Recovery Layer. We tested multiple export methods and identified the one that kept full description content, including the phone and email lines that typical CSV exports dropped. This confirmed the contact details were present in the underlying data and proved the issue was extraction and modeling, not data loss. Nothing had to be recreated from scratch.
Normalization Layer. We ingested the exported data into a processing environment built for parsing and cleanup at scale, parsed invoice descriptions using consistent patterns to pull email and phone values out of free text, and normalized and deduped contact details while preserving record linkage so each contact stayed tied to the correct customer. We then prepared import-ready outputs to update the official contact fields.
Governance Layer. We documented the process and definitions so 'how many reachable customers do we have' becomes a single, repeatable answer, and delivered a governed single source of truth ready for CRM sync and AI agents, not a one-time list dump. Clear ownership and record structure mean outreach, reporting, and future automations all reference the same data.
- Export-path validation that preserved full invoice description content
- Pattern-based parsing to extract email and phone values from free text
- Normalization and dedupe with preserved record linkage
- Import-ready field mapping plus documented data definitions and ownership
How It Was Delivered
We built it like a platform, not a one-off cleanup, using a two-phase approach: prove the data is recoverable, then build the reusable asset.

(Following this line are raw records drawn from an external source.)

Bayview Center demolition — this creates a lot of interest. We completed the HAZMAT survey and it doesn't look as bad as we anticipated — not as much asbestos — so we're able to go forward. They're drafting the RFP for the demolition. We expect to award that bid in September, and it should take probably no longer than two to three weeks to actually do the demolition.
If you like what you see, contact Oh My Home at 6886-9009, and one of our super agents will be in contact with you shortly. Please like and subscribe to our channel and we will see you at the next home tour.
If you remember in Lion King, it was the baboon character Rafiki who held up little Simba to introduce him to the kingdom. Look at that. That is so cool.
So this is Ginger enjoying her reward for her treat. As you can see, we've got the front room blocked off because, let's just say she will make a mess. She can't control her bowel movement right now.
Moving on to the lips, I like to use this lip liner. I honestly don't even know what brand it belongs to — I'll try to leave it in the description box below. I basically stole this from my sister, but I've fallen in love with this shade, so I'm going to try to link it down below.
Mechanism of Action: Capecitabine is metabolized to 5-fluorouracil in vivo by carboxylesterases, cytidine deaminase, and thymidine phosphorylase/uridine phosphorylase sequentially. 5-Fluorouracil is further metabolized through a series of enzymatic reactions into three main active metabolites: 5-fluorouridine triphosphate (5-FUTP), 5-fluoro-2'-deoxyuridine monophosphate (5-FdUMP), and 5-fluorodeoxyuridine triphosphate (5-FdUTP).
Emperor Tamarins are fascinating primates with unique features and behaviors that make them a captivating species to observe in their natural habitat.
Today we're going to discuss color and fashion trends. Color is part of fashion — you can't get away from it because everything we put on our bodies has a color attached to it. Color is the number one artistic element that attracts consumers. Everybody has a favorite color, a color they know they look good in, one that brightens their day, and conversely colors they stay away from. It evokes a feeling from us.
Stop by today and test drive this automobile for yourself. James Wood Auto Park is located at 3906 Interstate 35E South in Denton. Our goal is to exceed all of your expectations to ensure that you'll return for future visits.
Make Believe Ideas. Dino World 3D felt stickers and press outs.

Phase 1, Prove Feasibility. We tested multiple export paths and verified that emails and phone numbers were present in the underlying data even when standard reports failed to surface them, then identified the one export method that preserved full description content. This de-risked the project before any heavy build, shifting the question from 'is this data lost?' to 'how fast can we structure it?'
Phase 2, Clean, Structure, Govern. We built an automation workflow to ingest, parse, normalize, and dedupe contact details while preserving record linkage, produced import-ready outputs, and documented the definitions so the dataset stays trustworthy. End to end in roughly three weeks, roughly 20,000 records became a governed contact foundation ready for CRM sync, outreach, and AI workflows.
The Outcome
Contact history became usable. Data that was trapped in invoice descriptions became exportable, searchable, and structured into clean email and phone fields. Nearly two decades of customer relationships are now reachable instead of effectively written off, so dormant customers can be reactivated at scale.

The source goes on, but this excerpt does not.